**What you are asked to do:** Omit the images and return the remaining entries unchanged.

[Recorded data]
****
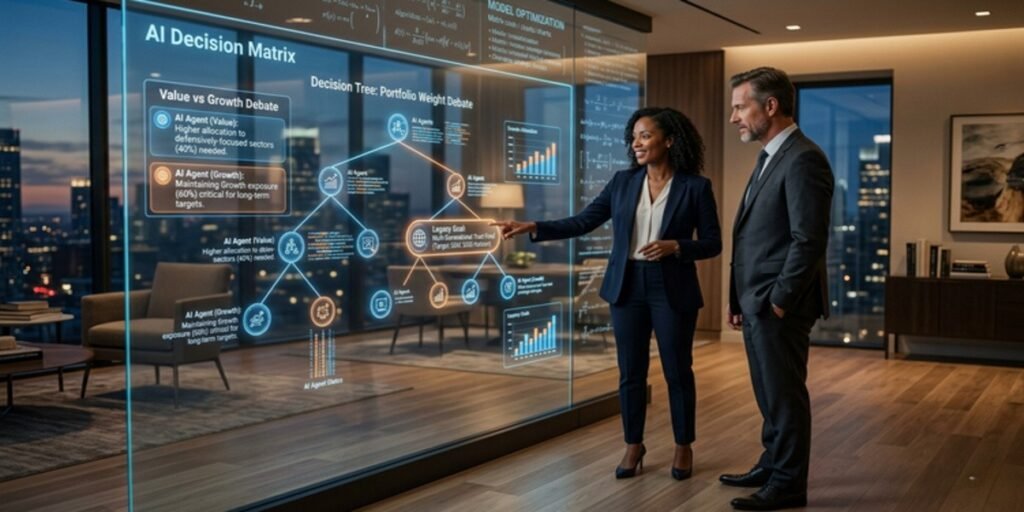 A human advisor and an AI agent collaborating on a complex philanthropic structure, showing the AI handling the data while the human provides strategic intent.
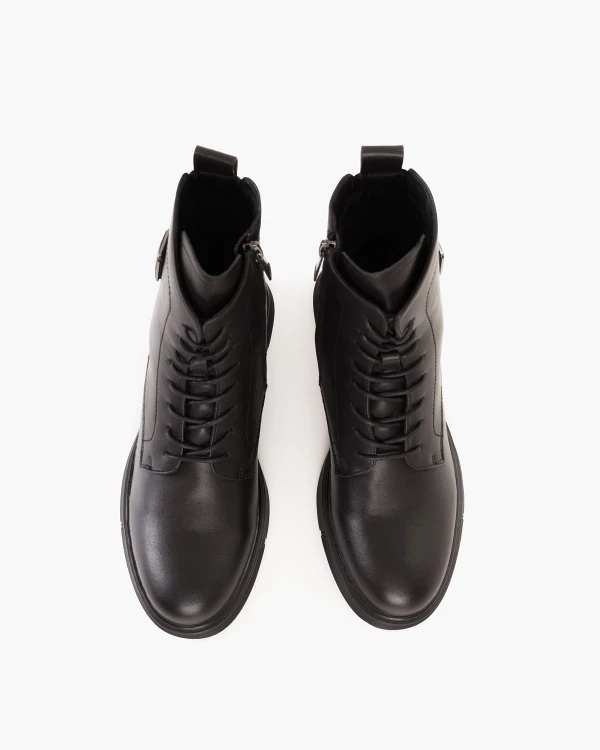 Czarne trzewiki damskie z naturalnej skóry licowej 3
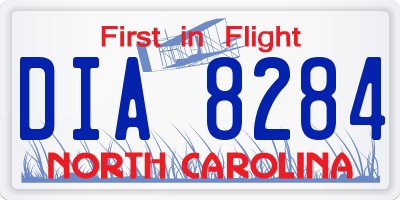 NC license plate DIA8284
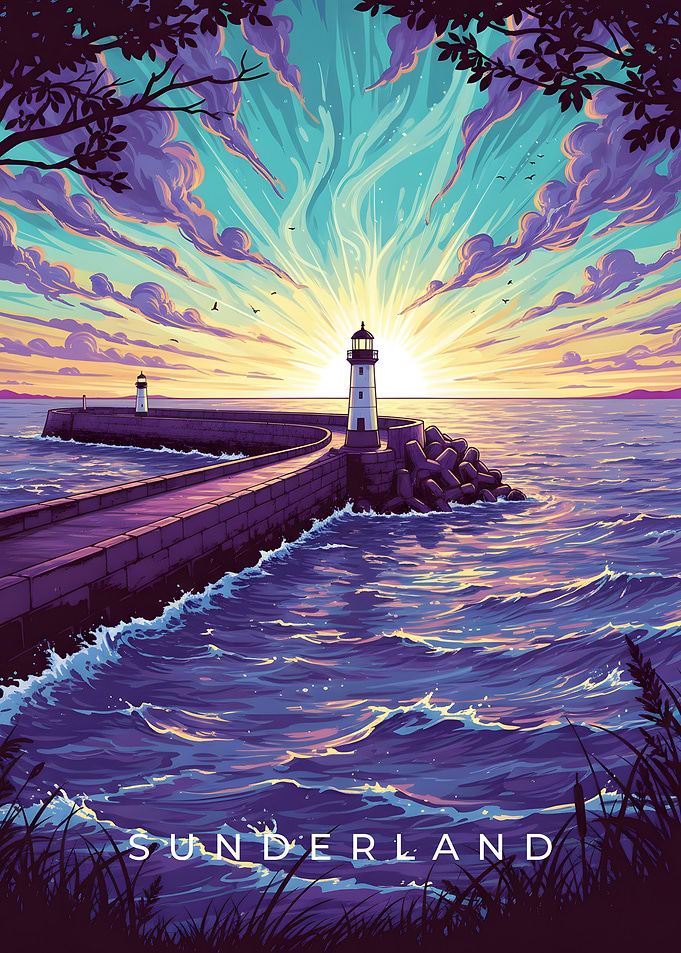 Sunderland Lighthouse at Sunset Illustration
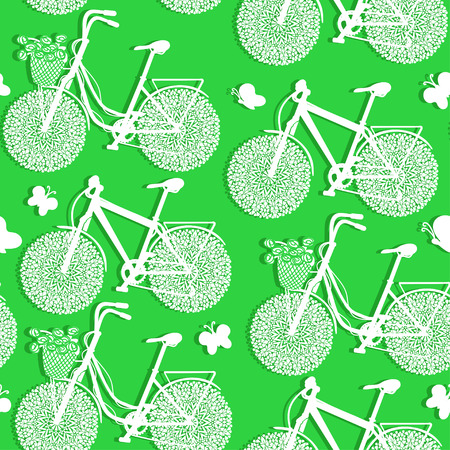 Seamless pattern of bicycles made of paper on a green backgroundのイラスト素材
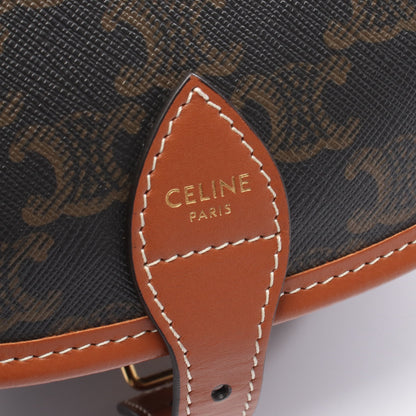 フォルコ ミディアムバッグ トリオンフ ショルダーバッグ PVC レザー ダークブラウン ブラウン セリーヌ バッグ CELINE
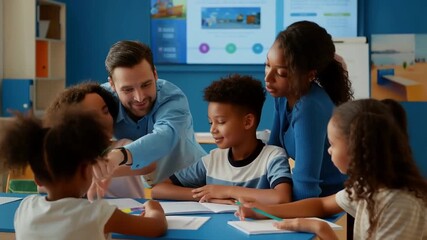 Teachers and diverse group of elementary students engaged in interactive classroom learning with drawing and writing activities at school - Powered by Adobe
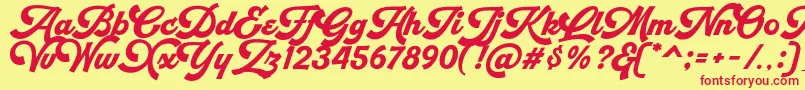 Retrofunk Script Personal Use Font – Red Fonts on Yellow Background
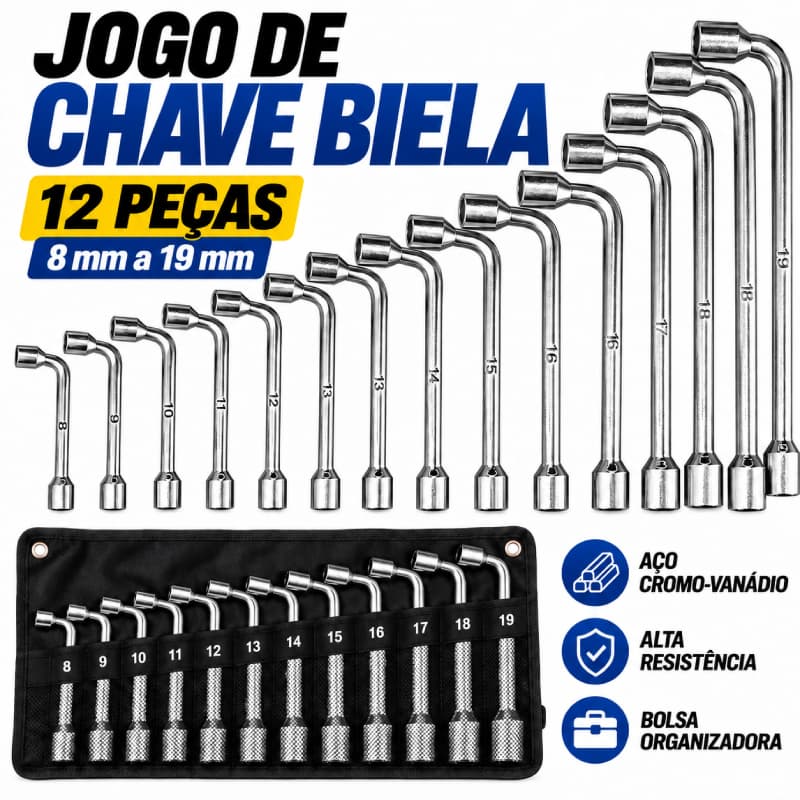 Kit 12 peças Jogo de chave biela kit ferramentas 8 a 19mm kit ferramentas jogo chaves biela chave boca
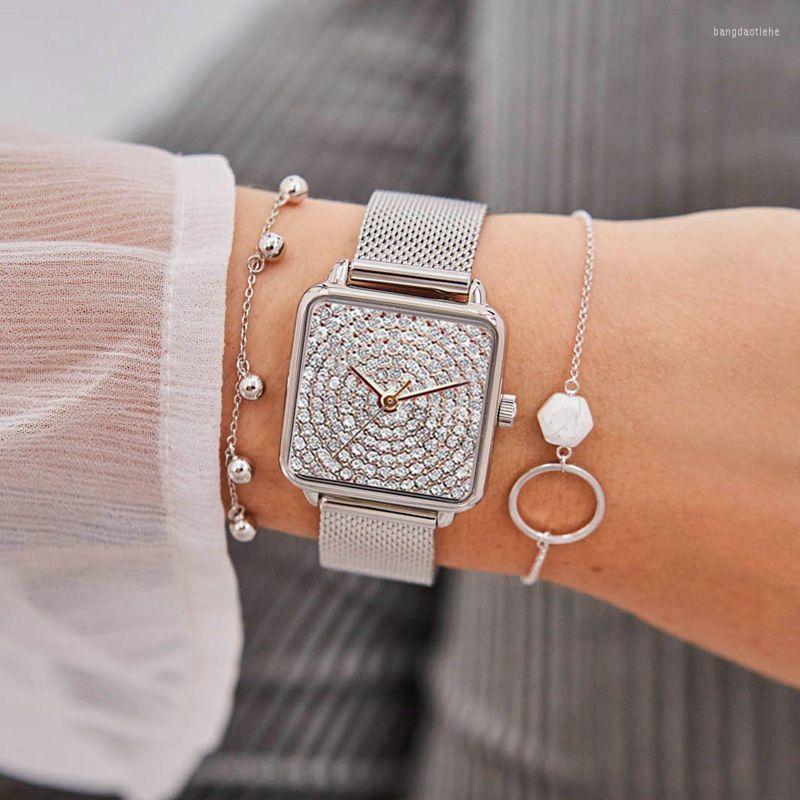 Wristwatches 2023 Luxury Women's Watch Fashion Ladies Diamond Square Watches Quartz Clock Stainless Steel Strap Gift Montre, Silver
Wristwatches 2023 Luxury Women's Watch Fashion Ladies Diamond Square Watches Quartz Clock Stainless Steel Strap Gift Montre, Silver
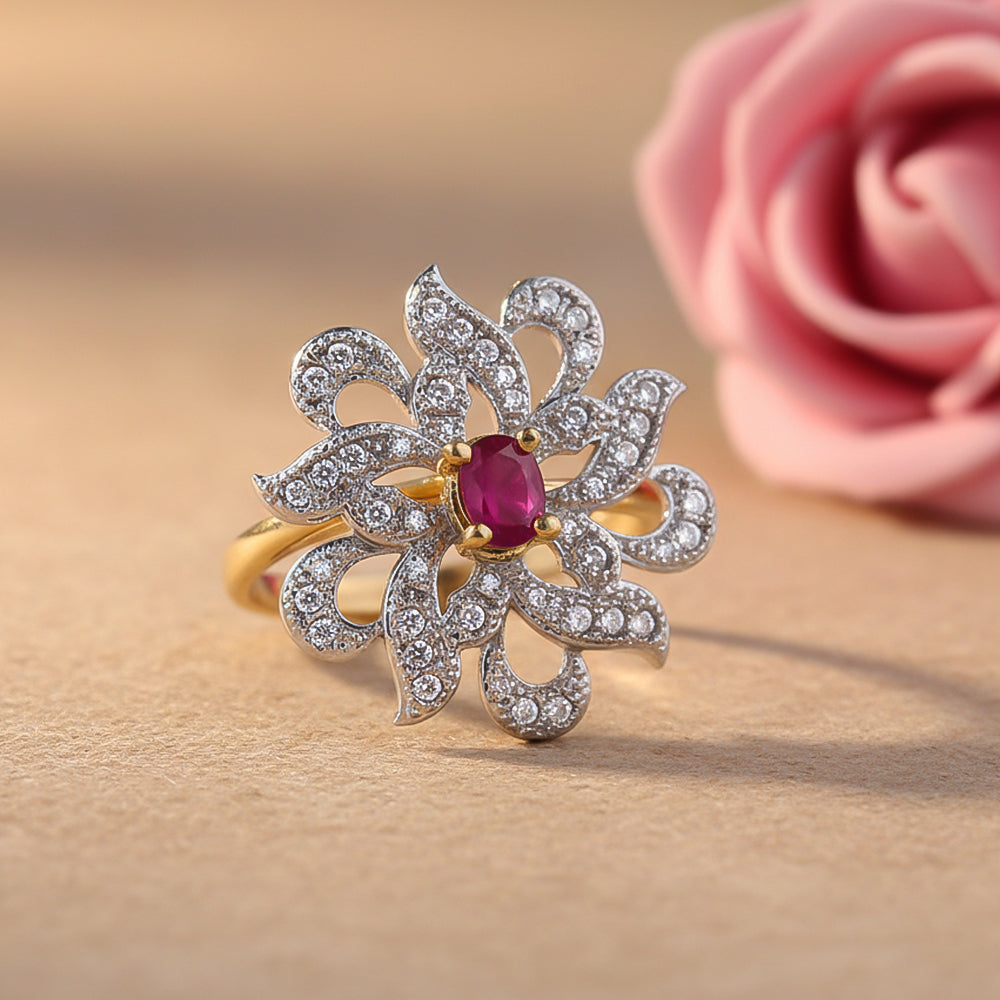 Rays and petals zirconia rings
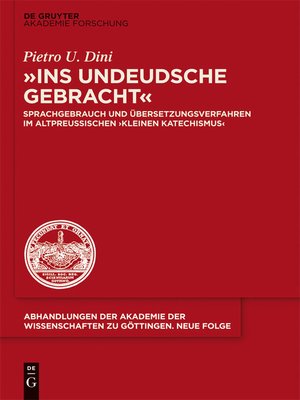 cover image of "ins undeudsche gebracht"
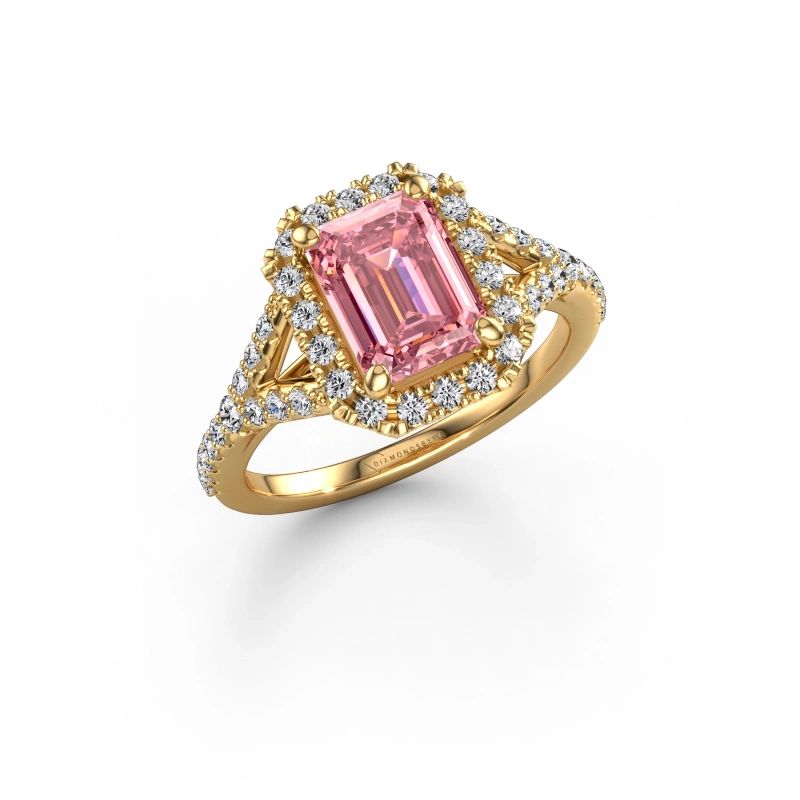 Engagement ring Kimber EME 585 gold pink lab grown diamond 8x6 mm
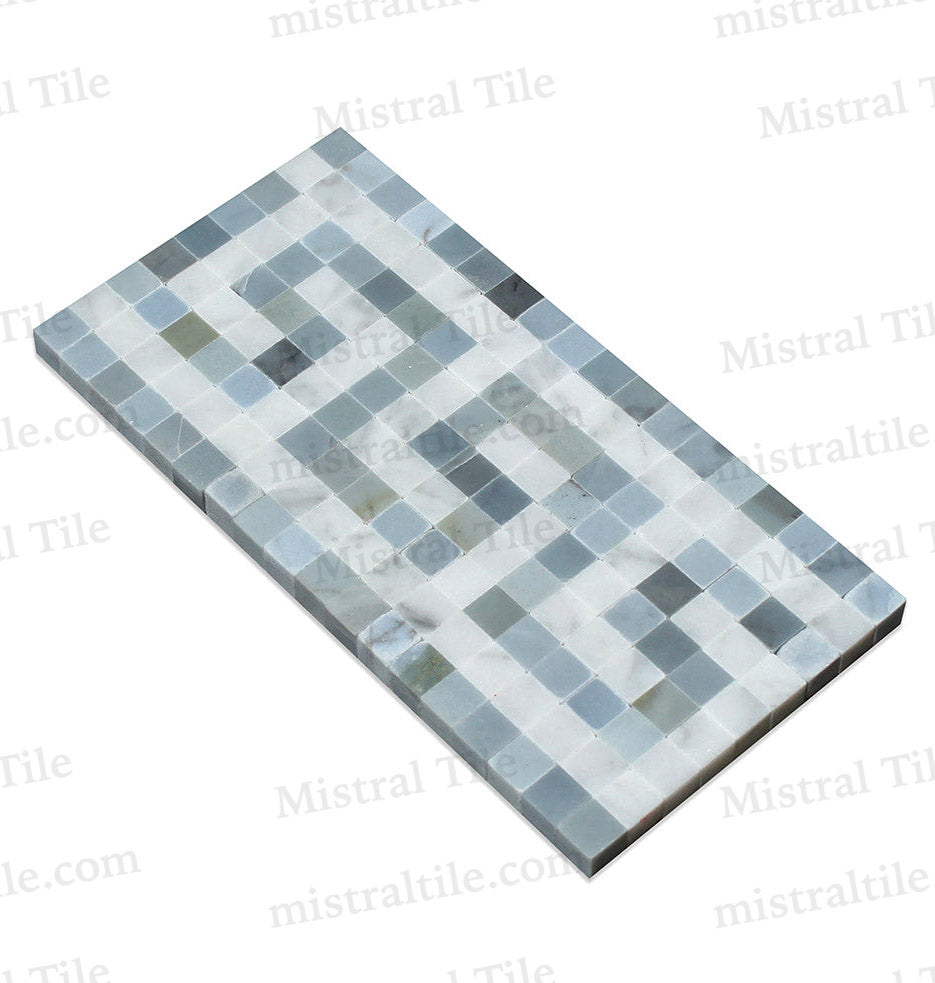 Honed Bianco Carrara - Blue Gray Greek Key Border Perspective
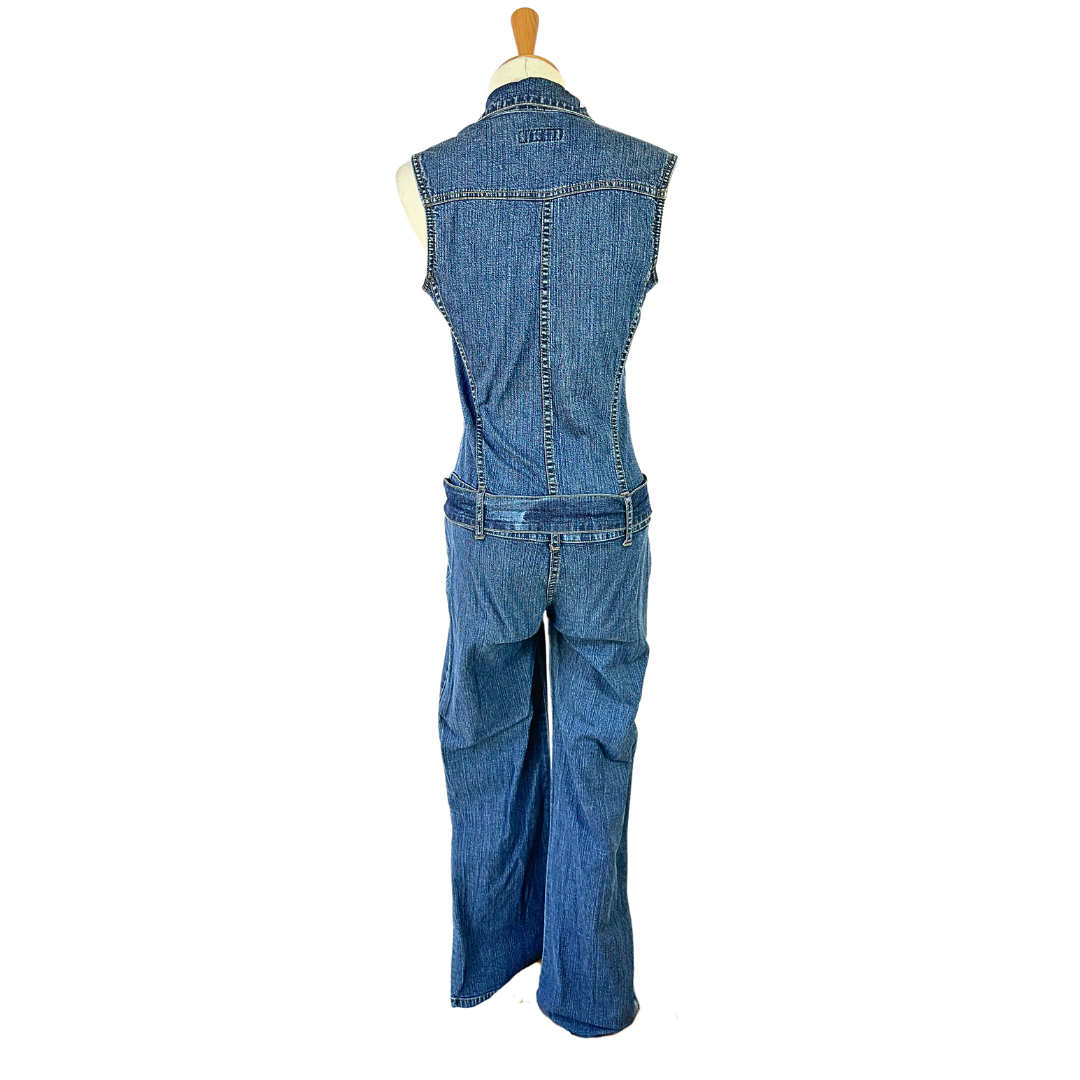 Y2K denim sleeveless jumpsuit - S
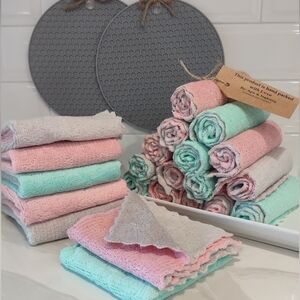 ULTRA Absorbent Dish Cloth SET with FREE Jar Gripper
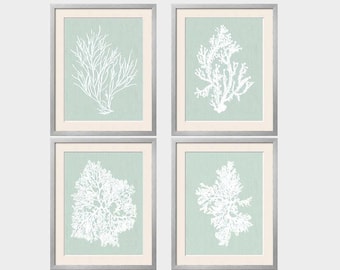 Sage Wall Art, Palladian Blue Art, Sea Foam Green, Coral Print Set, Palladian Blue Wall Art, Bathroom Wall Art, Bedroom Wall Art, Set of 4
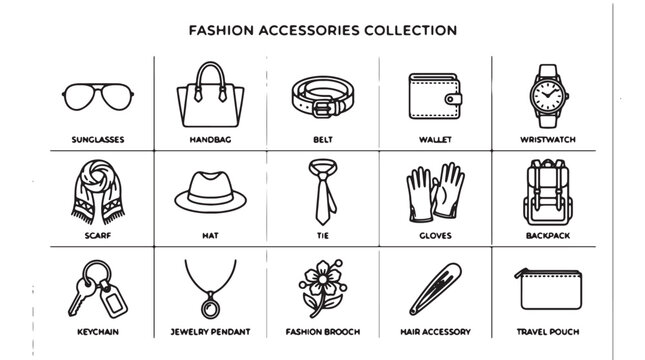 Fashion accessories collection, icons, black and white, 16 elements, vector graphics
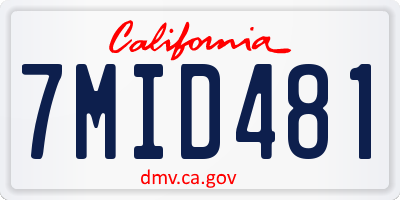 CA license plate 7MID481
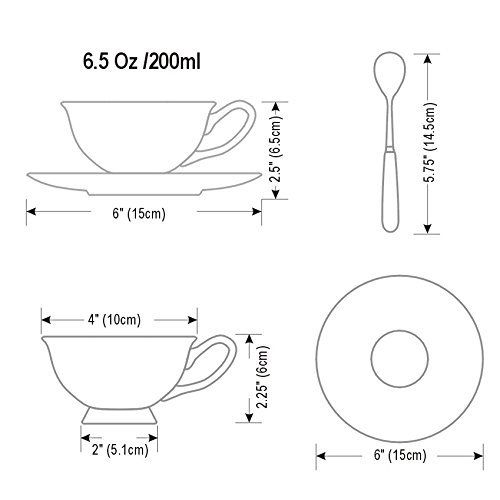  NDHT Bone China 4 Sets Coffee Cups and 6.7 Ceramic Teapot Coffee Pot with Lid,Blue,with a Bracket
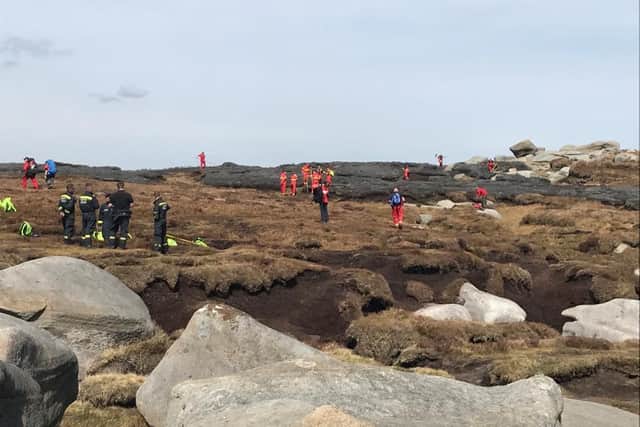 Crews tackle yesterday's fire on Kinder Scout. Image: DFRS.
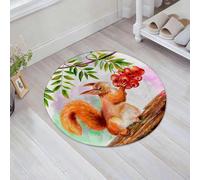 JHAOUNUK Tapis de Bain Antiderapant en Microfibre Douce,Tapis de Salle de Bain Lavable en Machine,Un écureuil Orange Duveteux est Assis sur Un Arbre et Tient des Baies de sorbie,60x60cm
****
**Output below:**
 A human advisor and an AI agent collaborating on a complex philanthropic structure, showing the AI handling the data while the human provides strategic intent.
 Czarne trzewiki damskie z naturalnej skóry licowej 3
 NC license plate DIA8284
 Sunderland Lighthouse at Sunset Illustration
 Seamless pattern of bicycles made of paper on a green backgroundのイラスト素材
 フォルコ ミディアムバッグ トリオンフ ショルダーバッグ PVC レザー ダークブラウン ブラウン セリーヌ バッグ CELINE
 Teachers and diverse group of elementary students engaged in interactive classroom learning with drawing and writing activities at school - Powered by Adobe
 Retrofunk Script Personal Use Font – Red Fonts on Yellow Background
 Kit 12 peças Jogo de chave biela kit ferramentas 8 a 19mm kit ferramentas jogo chaves biela chave boca
 Wristwatches 2023 Luxury Women's Watch Fashion Ladies Diamond Square Watches Quartz Clock Stainless Steel Strap Gift Montre, Silver
Wristwatches 2023 Luxury Women's Watch Fashion Ladies Diamond Square Watches Quartz Clock Stainless Steel Strap Gift Montre, Silver
 Rays and petals zirconia rings
 cover image of "ins undeudsche gebracht"
 Engagement ring Kimber EME 585 gold pink lab grown diamond 8x6 mm
 Honed Bianco Carrara - Blue Gray Greek Key Border Perspective
 Y2K denim sleeveless jumpsuit - S
 ULTRA Absorbent Dish Cloth SET with FREE Jar Gripper
 Sage Wall Art, Palladian Blue Art, Sea Foam Green, Coral Print Set, Palladian Blue Wall Art, Bathroom Wall Art, Bedroom Wall Art, Set of 4
 Fashion accessories collection, icons, black and white, 16 elements, vector graphics
 CA license plate 7MID481
  NDHT Bone China 4 Sets Coffee Cups and 6.7 Ceramic Teapot Coffee Pot with Lid,Blue,with a Bracket
 Crews tackle yesterday's fire on Kinder Scout. Image: DFRS.
 JHAOUNUK Tapis de Bain Antiderapant en Microfibre Douce,Tapis de Salle de Bain Lavable en Machine,Un écureuil Orange Duveteux est Assis sur Un Arbre et Tient des Baies de sorbie,60x60cm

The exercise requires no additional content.